In the process of FIG. 1, compressed and purified air 1 is cooled in a main heat exchanger 2 and fed to a pressure column 4 at a pressure of 14 bar (3). The rectification system additionally has a low-pressure column 5, which is operated at a pressure of 5 bar and is in heat-exchanging connection with the pressure column via a shared condenser/evaporator (main condenser) 6. A part 8 of the nitrogen taken off at the top of the pressure column is liquefied in the main condenser 6 and passed as reflux to the pressure column via the lines 9 and 10. Bottom-phase liquid 11 of the pressure column is, after subcooling 15, throttled (12) as oxygen-rich liquid fraction into the low-pressure column 5. The bottom-phase liquid 13 of the low-pressure column 5 is likewise subcooled (14) and expanded (16) and then introduced into the evaporation chamber of the top condenser 17 of the low-pressure column 5. In its liquefaction chamber, gaseous nitrogen 18 from the top of the low-pressure column 5 condenses; a first part of the condensate 19 is recycled to the low-pressure column and used as reflux there.

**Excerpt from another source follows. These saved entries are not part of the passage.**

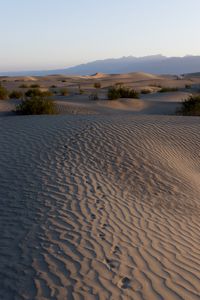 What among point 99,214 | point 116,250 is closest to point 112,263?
point 116,250

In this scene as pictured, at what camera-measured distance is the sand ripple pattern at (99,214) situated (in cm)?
465

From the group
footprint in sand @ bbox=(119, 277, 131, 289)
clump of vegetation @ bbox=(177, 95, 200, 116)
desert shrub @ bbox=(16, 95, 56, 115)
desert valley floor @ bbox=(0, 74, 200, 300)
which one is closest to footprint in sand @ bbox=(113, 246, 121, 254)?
desert valley floor @ bbox=(0, 74, 200, 300)

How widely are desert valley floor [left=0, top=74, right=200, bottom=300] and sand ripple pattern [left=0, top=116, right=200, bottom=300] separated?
1 centimetres

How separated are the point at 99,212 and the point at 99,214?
8cm

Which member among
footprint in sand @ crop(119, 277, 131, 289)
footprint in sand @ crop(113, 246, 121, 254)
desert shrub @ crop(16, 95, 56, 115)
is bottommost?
footprint in sand @ crop(119, 277, 131, 289)

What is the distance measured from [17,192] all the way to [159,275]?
3.26 meters

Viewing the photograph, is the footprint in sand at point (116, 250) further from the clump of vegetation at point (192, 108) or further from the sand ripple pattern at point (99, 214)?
the clump of vegetation at point (192, 108)

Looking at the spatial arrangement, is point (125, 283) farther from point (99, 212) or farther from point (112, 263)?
point (99, 212)

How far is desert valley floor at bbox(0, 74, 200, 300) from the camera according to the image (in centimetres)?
465

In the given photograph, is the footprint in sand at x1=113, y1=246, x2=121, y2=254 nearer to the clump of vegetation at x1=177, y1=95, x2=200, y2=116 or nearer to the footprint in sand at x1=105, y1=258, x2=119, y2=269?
the footprint in sand at x1=105, y1=258, x2=119, y2=269

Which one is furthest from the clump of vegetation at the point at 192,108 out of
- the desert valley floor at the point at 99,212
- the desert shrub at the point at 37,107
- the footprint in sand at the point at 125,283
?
the footprint in sand at the point at 125,283

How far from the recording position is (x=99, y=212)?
6.57 meters

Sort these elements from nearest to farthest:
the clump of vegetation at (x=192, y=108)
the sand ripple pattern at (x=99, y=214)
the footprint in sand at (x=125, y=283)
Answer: the footprint in sand at (x=125, y=283)
the sand ripple pattern at (x=99, y=214)
the clump of vegetation at (x=192, y=108)

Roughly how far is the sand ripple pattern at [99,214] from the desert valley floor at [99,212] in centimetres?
1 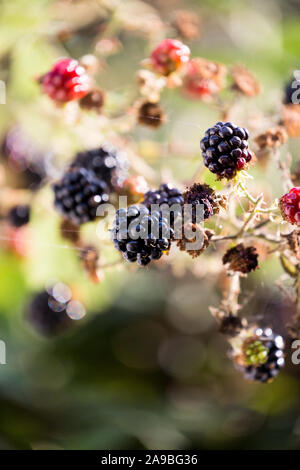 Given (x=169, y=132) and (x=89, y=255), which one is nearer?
(x=89, y=255)

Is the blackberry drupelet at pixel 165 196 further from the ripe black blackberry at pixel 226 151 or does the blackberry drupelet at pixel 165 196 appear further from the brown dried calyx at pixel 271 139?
the brown dried calyx at pixel 271 139

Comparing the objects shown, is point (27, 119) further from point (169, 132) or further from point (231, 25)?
point (231, 25)

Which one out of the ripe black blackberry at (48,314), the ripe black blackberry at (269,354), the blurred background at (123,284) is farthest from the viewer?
the ripe black blackberry at (48,314)

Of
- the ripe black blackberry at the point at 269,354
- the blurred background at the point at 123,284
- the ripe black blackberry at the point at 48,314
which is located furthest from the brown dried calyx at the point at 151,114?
the ripe black blackberry at the point at 48,314

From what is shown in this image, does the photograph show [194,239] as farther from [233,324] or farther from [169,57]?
[169,57]

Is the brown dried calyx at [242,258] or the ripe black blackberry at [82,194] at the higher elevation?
the ripe black blackberry at [82,194] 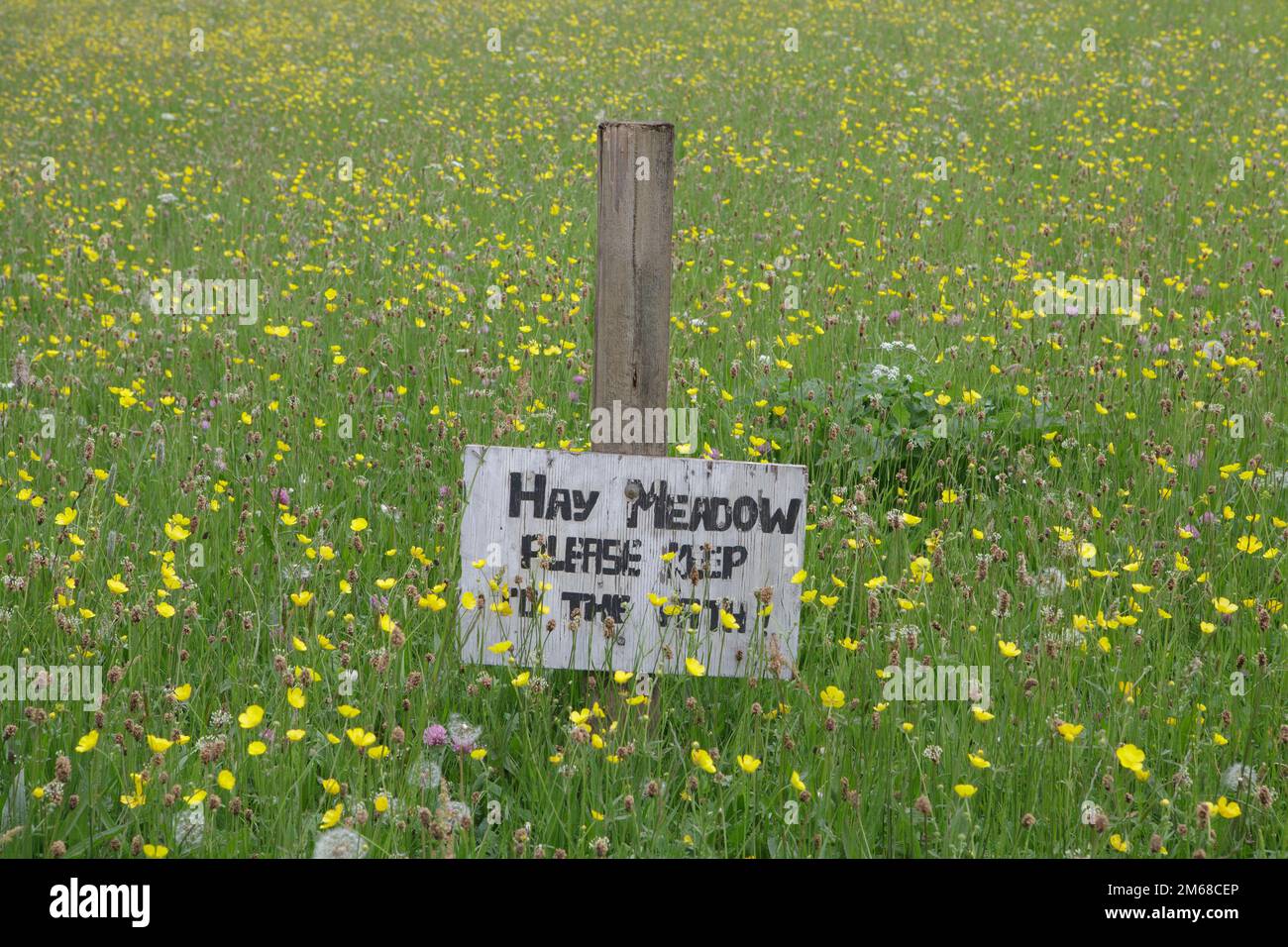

Another part 20 of the liquid nitrogen 19 from the top condenser 17 is either, as shown in FIG. 1, taken off from the low-pressure column or is branched off directly from the line 19. This liquid nitrogen 20 is pressurized according to the invention (in the example to 14 bar) in the liquid state (pump 21) and passed via line 22 through the subcooler 15 to a product evaporator 23. The nitrogen 24 evaporated at a pressure of 13.4 bar is heated in the main heat exchanger 2 and removed as pressurized product 25. It can, if appropriate, be further compressed 26 in the gaseous state and, if desired, be mixed (29) with pressurized nitrogen 27, 28 withdrawn directly from the pressure column. In the example, approximately 50% of the total pressurized nitrogen product 29 originates from the low-pressure column 5.
On the liquefaction side of the product evaporator 23, a part 35 of the gaseous nitrogen 7 from the top of the pressure column 4 is condensed. The resulting liquid 36 is passed as additional reflux to the pressure column 4. The product evaporator 23 is designed in the example as a falling-film evaporator in which only partial evaporation occurs. Nitrogen 45 which remains liquid is recycled to the low-pressure column 5.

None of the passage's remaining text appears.